A General Guidelines

Author: Martin Lysy

Last Updated: Nov 17, 2020


A.1 Resources

A.2 Format

bookdown is an R package which allows us to integrate scientific writing (including math, figures, etc.) with executable programming blocks. While bookdown is interfaced through R, very little R knowledge is required to operate it. The scientific writing is done in Markdown and LaTeX, whereas the programming blocks can be written in R, Python, Julia, C++, etc.

In terms of content, please focus on the following:

  1. Creating a clear organization of topics within your module using section/subsection/subsubsection headers.

  2. Setting up the code, for example, in a clear and well-organized manner, i.e., what to include directly in the .Rmd file and what goes into external scripts, using lots of code comments, informative variable names, and consistent naming conventions, etc.

In terms of formatting the content with R Markdown, please refer to the Formatting Guidelines.

A.2.1 Typesetting Math

Please do take a look at the LaTeX guides above, as it is easy to do this right and very annoying to redo if you do it wrong.

One extremely useful LaTeX feature is the ability to define macros for commonly used commands. I strongly encourage you to use macros whenever possible. Not only does this save a considerable amount of typing, but also often an enormous amount of search-replacing. For example, suppose I have a canonical transformation function which I’ll be using throughout the document, but I’m not quite sure how to typeset it yet. So I define the LaTeX macro \ctran{} and use it. If later I want to redefine how \ctran{} is typeset that’s an extremely easy fix.

Another useful LaTeX trick is to use simple patterns to define macros for common things. For example, I always define bold letter names (which you should use for anything that isn’t a scalar) as \xx \YY, etc., and bold symbol names as \aal for \(\boldsymbol{\alpha}\), \TTh for \(\boldsymbol{\Theta}\), etc.

As a rule-of-thumb, avoid defining one-letter macros. The worst LaTeX mistake I’ve ever made is to define \(\beta\) as\b in everything LaTeX document I wrote before 2015. Now suppose I want to replace \(\beta\) with \(\gamma\) as a symbol for the quantity of interest. Then either I have an extremely confusing macro \newcommand{\b}{\gamma}, or the most annoying search-replace ever (\begin{xyz} anyone?). Sometimes I do use one letter capital macros, e.g., \newcommand{\N}{\mathcal{N}} for the normal distribution, but these are much easier to search-replace.

For this project, LaTeX is rendered to HTML via Mathjax, and thus the macros must be defined a bit differently than in regular LaTeX. All LaTeX macros must be defined in preamble.html.

A.2.2 Citations

For external websites, it’s sufficient to provide a link as I’ve done in this document.
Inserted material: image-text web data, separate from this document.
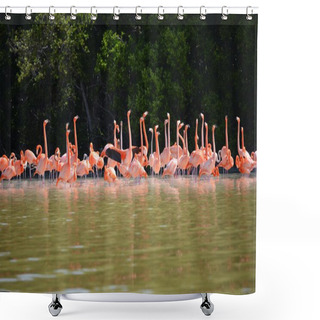 Personality  Pink Flamingos In Mexico Shower Curtains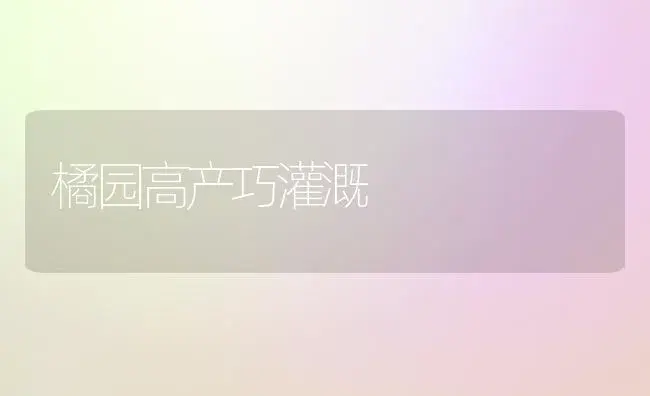 橘园高产巧灌溉 | 植物百科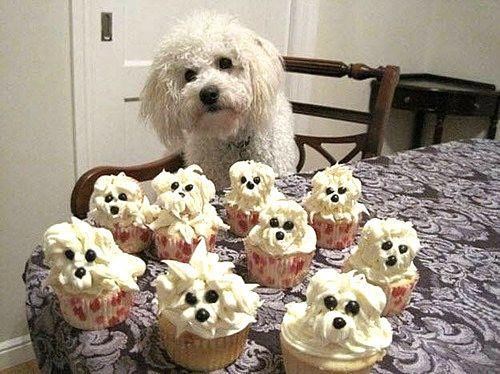 Gazda, da se dogovorimo, ove sam ja prisvojio!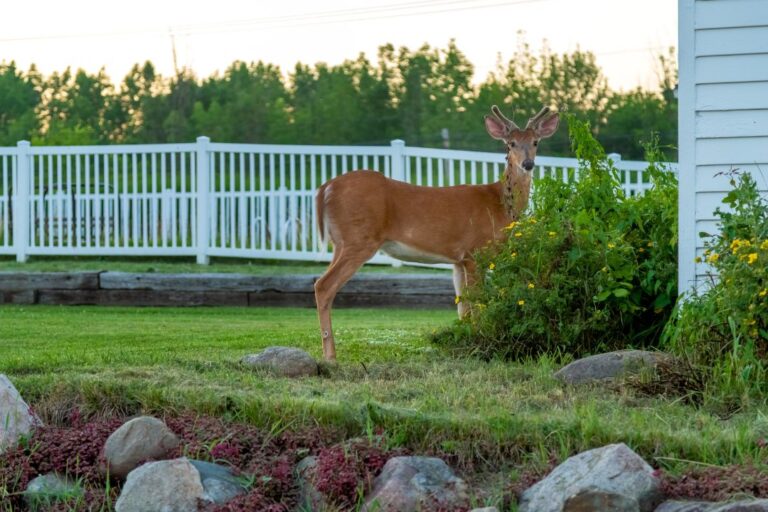 Best Ways How to Get Rid of Deer Poop in Yard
For journal articles, textbooks, conference proceedings, etc. it’s good practice to provide the complete citation information (in addition to a link to the resource if it can be obtained legally for free). For such references please use BibTeX.
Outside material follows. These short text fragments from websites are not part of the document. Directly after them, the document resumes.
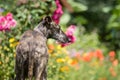 Brindle Galgo Espanol in Flowergarden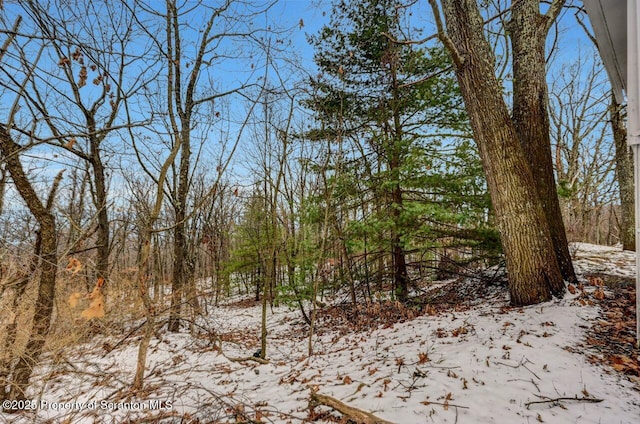 view of snow covered land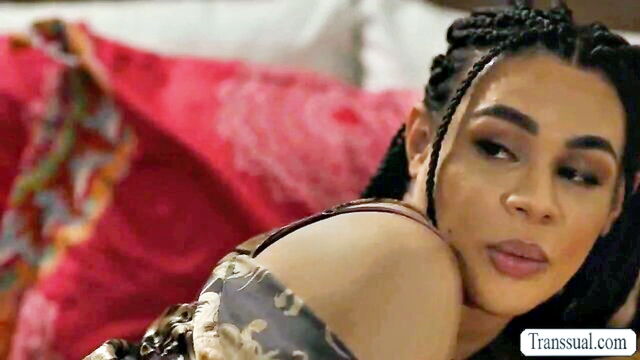 shemale sex, shemale blowjob, tranny sex - shemale stepsis gets drilled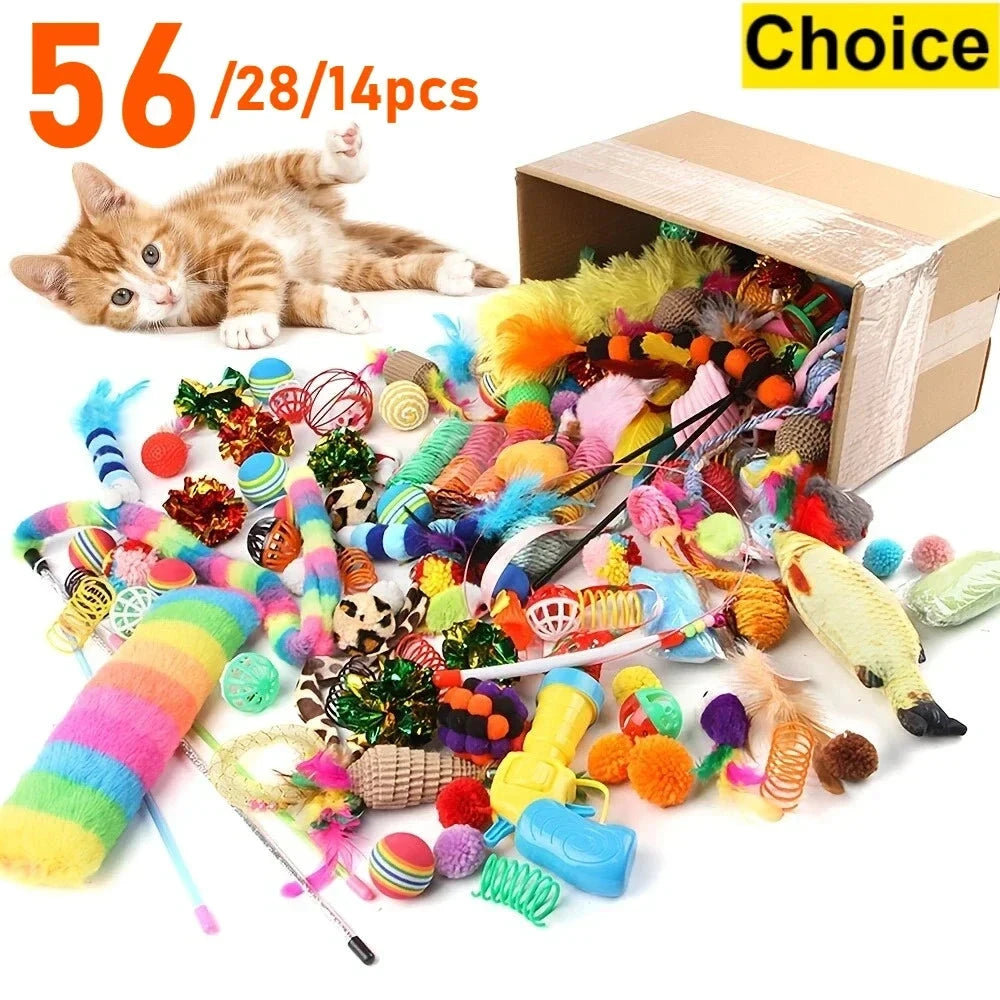 Pack de Juguetes Variados para Gatos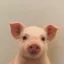 Profile Pig icon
Add your citations to the bibliography file references.bib. To separate the citations for each module, add the name of your module using the comment sign \(\%\) when you start to add citations.
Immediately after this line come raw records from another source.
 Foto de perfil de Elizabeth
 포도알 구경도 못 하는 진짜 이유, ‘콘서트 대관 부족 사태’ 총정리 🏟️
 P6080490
For citation labels, please use the standardized format with the author label followed by the last two digits of the year. The rules for the author labels are, if there is only one author, use @firstauthorlastname, if there are two authors, use @firstauthorlastname.secondauthorlastname, if there are more than 2 authors, use @firstauthorlastname.etal. Here’s some examples (Gelman et al. 2013), (Friedman, Hastie, and Tibshirani 2009).

A.3 Rendering the Book

For this you will need to install the following packages:

install.packages(c("bookdown", "tidyverse", "wooldridge", "corrplot", "lmtest",
                   "caret", "PMCMRplus", "dunn.test", "geesmv",
                   "emdbook"),
                 dependencies = TRUE)

Once this is done, quit + restart R for safe measure. Then, from within the project folder, run

bookdown::render_book()

To make sure everything is working as expected, you may wish to delete the _book and _bookdown_files folders before rendering. These don’t get cleaned up between runs, so there might be very old files hanging around in there if you don’t periodially perform a manual cleanup.

References

Friedman, Jerome, Trevor Hastie, and Robert Tibshirani. 2009. The Elements of Statistical Learning. 2nd ed. New York, NY: Springer series in statistics.